During these challenging times, businesses should review the force majeure clauses that are contained in their contracts.  Form contracts which are used repeatedly may need to be updated,  and contracts occurring in the course of business or are even in place currently should be reviewed from this perspective.  “Force Majeure” is defined by Black’s Law Dictionary as “An event or effect that can be neither anticipated nor controlled.”  Contracting parties typically include force majeure provisions in their contracts in order to allocate risk appropriately among the parties for nonperformance while at the same time recognizing that some risks are hard to anticipate and are not the “fault” of either party.  As a result, many force majeure clauses list specific circumstances for which a party may be relieved of its performance obligations such as wars or strikes, as well as general language to cover unanticipated events such as Acts of God, disasters, and (evolving) government regulations.

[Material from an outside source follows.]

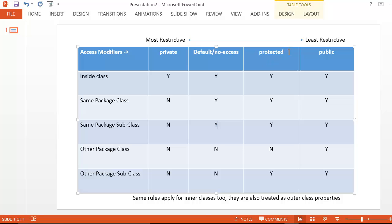The next least restrictive is protected, which is almost the same as default access plus any other subclasses will have access to it. So if you have a variable marked as protected, all subclasses will have access to that protected variable whether they are in the same package or not. Then the least restrictive is public — whenever you mention a variable as public it can be accessed everywhere. The same rule applies to inner classes as well. Inner classes are classes inside other classes and are treated as the outer class's property just like any other variable.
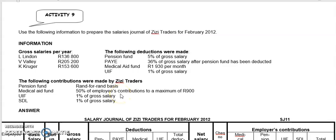Good morning, class. Welcome to today's lesson. I'm going to teach you how to prepare a salaries journal. Straightforward.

A typical force majeure clause reads as follows: “No damages shall be due for a failure of performance occurring due to Acts of God, war, terrorist acts, riots, floods, fires, other casualties, government regulation, disaster, or strikes, any one of which make performance impossible.”  The language in bold font highlights events that the COVID-19 pandemic may fit within.  Since the COVID-19 pandemic was unforeseen, unless a contract was negotiated within the last couple of weeks it is highly unlikely that the contract’s force majeure provision would specifically list epidemics or pandemics, let alone COVID-19.  When specific causes are not expressly stated in a force majeure provision, the application of other more general terms in the force majeure provision must be considered.

In New Hampshire, courts have not had any substantial interpretation of force majeure provisions; therefore, it is unclear how they will rule as to whether contracting parties will be relieved from performance by relying on the more general language contained in their force majeure clauses.  Phrases such as “Acts of God” may prove to be insufficient.  Terms such as “government regulation” or “disaster”, if they are specifically listed in force majeure provisions, may be the strongest language to rely upon to classify the COVID-19 pandemic.  With the U.S. government’s ban on travel, and with state and federal government agencies shutting down across the country, arguably the COVID-19 pandemic can be classified as a “disaster” and the corresponding state and federal emergency responses constitute government regulation.

According to New Hampshire RSA 4:45, I: “The governor shall have the power to declare a state of emergency, …by executive order if the governor finds that a natural, technological, or man-made disaster of major proportions is imminent or has occurred within this state.”  On March 13, 2020, Governor Sununu declared a state of emergency due to the COVID-19 pandemic and on March 16, 2020 issued Emergency Order #2 prohibiting scheduled events with fifty or more persons via emergency order.  Governor Sununu has subsequently issued additional emergency orders, see Likewise, on the federal level, On March 13, 2020, President Trump declared a state of emergency and, in addition to other federal agencies, offered guidance on the COVID-19 pandemic that includes social distancing.

These events lead us to conclude that the COVID-19 pandemic and subsequent federal and state responses could be considered force majeure events if (i) the force majeure provisions specifically list terms such as “Coronavirus,” “COVID-19,” “pandemic,” “epidemic” (or like terms) or (ii) the force majeure provisions contain general terms such as “disaster” or “government regulation.”  Since force majeure language may vary from contract to contract, to properly determine your contractual obligations and liability in light of the COVID-19 pandemic, it is important to review the specific force majeure language of each contract with your legal counsel.